CASE introduces B Series CTLs and skid steers

The new series includes five CTLs and eight skid steers spanning radial and vertical lift patterns.

February 6, 2020

CASE Construction Equipment, Racine, Wisconsin, has introduced the B Series­­—five compact track loaders (CTLs) and eight skid steers spanning radial and vertical lift patterns, as well as numerous horsepower and size classes.

New B Series loaders feature a redesigned interface, including new left- and right-hand posts with simple ignition, push-button operation, easy throttle control and intuitive switches for all core machine functions. Contractors may choose between standard mechanical, mechanical hand-and-foot, and electro-hydraulic controls when specifying a machine, the company says.

An eight-inch LCD multi-function display comes with all electro-hydraulic models and can be added to mechanical configurations for use with the backup camera and operational displays. The LCD multi-function display serves as the command center for the machine. It includes a backup camera visible in a split screen display with machine data. The camera is operational in both forward and reverse and enhances the B Series’ visibility.

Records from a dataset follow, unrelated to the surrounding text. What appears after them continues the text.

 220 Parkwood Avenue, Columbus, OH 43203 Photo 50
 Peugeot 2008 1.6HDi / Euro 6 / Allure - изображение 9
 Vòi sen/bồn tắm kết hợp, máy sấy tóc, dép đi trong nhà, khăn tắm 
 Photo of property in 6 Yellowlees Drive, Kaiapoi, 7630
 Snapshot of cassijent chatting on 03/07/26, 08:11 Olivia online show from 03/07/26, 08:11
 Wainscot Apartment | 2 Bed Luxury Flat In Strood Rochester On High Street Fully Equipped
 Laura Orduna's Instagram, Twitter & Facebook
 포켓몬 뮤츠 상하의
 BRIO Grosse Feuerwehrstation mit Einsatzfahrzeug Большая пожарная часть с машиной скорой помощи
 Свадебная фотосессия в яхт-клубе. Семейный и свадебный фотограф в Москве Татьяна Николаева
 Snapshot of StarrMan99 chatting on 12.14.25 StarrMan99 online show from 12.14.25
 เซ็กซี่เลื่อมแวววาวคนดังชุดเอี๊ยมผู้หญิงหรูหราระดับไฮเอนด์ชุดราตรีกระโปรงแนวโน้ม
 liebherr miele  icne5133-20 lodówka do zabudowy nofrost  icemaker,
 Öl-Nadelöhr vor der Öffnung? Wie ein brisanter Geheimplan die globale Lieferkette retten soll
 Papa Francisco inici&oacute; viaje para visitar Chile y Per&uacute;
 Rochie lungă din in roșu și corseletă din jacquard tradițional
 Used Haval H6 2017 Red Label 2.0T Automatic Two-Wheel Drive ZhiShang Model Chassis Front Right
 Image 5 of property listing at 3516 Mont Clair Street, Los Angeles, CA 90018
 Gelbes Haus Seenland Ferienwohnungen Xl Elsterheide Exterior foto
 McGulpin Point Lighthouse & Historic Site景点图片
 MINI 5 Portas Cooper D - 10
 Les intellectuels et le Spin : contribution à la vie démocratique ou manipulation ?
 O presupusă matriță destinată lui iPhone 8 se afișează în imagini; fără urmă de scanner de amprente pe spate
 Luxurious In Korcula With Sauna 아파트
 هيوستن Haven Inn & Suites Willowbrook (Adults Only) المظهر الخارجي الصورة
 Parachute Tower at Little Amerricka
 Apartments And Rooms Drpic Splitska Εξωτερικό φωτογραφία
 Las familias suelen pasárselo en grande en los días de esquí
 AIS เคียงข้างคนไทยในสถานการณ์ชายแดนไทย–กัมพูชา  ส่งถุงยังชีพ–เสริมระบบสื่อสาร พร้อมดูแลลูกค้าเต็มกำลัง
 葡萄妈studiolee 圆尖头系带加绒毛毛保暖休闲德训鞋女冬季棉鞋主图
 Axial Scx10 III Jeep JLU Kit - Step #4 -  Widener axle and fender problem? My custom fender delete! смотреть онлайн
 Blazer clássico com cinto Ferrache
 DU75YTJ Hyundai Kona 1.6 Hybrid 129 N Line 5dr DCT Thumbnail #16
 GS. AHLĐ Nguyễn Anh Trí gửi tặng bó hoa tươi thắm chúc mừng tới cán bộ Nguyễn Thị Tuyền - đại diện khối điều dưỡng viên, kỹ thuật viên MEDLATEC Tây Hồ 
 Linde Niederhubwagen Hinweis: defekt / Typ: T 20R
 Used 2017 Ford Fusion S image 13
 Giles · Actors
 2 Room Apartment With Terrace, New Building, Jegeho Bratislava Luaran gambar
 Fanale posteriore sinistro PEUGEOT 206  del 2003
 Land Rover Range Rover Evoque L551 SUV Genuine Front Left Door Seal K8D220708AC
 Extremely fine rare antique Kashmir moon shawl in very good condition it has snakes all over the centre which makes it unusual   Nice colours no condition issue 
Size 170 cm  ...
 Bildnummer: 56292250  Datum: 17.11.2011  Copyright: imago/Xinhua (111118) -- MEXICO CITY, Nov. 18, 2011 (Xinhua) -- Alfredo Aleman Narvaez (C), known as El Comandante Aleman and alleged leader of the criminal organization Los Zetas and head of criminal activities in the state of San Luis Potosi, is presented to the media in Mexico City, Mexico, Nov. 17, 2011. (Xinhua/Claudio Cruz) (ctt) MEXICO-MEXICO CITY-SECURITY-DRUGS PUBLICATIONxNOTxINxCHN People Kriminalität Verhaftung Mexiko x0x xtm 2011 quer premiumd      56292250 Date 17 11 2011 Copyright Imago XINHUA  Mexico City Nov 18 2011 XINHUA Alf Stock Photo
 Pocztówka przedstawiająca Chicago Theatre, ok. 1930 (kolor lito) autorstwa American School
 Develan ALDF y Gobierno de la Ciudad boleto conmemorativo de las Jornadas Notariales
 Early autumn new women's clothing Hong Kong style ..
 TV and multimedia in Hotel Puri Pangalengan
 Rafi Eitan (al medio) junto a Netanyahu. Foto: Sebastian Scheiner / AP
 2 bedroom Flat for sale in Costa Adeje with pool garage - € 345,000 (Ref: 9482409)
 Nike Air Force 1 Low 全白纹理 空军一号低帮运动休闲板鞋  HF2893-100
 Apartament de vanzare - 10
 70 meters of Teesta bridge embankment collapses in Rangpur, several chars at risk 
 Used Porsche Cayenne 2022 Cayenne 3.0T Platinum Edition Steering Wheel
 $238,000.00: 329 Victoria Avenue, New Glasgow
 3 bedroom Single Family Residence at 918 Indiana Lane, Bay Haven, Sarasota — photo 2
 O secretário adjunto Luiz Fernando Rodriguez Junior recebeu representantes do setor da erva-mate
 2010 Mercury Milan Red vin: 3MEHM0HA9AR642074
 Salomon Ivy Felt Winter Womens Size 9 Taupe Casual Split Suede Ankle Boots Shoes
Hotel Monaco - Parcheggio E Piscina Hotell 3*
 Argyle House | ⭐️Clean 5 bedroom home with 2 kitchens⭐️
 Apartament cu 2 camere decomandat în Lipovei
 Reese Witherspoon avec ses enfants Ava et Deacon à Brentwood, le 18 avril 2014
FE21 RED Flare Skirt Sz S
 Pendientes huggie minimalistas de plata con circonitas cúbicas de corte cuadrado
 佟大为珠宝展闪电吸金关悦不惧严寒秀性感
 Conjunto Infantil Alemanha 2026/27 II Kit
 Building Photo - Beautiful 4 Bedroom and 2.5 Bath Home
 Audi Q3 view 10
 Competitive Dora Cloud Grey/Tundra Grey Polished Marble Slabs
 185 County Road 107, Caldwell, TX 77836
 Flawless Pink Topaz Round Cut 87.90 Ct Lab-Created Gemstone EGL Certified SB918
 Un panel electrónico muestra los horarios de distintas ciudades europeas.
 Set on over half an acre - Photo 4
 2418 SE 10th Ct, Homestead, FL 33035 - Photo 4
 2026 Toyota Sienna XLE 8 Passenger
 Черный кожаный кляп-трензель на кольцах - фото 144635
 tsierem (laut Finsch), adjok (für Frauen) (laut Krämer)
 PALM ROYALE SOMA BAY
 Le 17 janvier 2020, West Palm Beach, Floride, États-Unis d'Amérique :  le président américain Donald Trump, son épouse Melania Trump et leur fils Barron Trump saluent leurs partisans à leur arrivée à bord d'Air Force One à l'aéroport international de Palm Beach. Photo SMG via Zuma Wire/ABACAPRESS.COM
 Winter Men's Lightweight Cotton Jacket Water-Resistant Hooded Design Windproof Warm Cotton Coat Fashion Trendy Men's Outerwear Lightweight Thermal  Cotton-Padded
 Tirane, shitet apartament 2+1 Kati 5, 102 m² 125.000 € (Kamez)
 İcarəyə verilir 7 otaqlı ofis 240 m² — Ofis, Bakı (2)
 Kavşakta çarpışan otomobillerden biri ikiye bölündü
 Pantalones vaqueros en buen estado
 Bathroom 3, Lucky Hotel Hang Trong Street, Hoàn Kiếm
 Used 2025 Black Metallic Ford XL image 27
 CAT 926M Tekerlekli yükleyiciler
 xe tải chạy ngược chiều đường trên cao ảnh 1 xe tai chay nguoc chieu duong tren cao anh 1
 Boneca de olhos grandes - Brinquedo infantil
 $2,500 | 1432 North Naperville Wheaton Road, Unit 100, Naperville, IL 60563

CASE CTLs and skid steers feature 360-degree visibility, enhanced by the backup camera, as well as a cab-wide rearview mirror that comes standard on all machines. According to CASE, large side windows and a large curved rear window allow for great sightlines to the sides and the rear of the machine. Rear visibility is further aided by low-profile rear hoods and a low-profile H-Link on vertical-lift. 

A low entry threshold built into each machine allows for easy entry and exit from the cab. Joysticks on electro-hydraulic models have been designed with a narrower grip, closer switch layout and a smaller head size for easier operation. The electro-hydraulic pods on each joystick have also been made smaller to give the operator more legroom inside the machine.

Mechanically controlled models of the SR210B and larger models feature servo-assisted joysticks for easier operation and less operator fatigue, CASE says.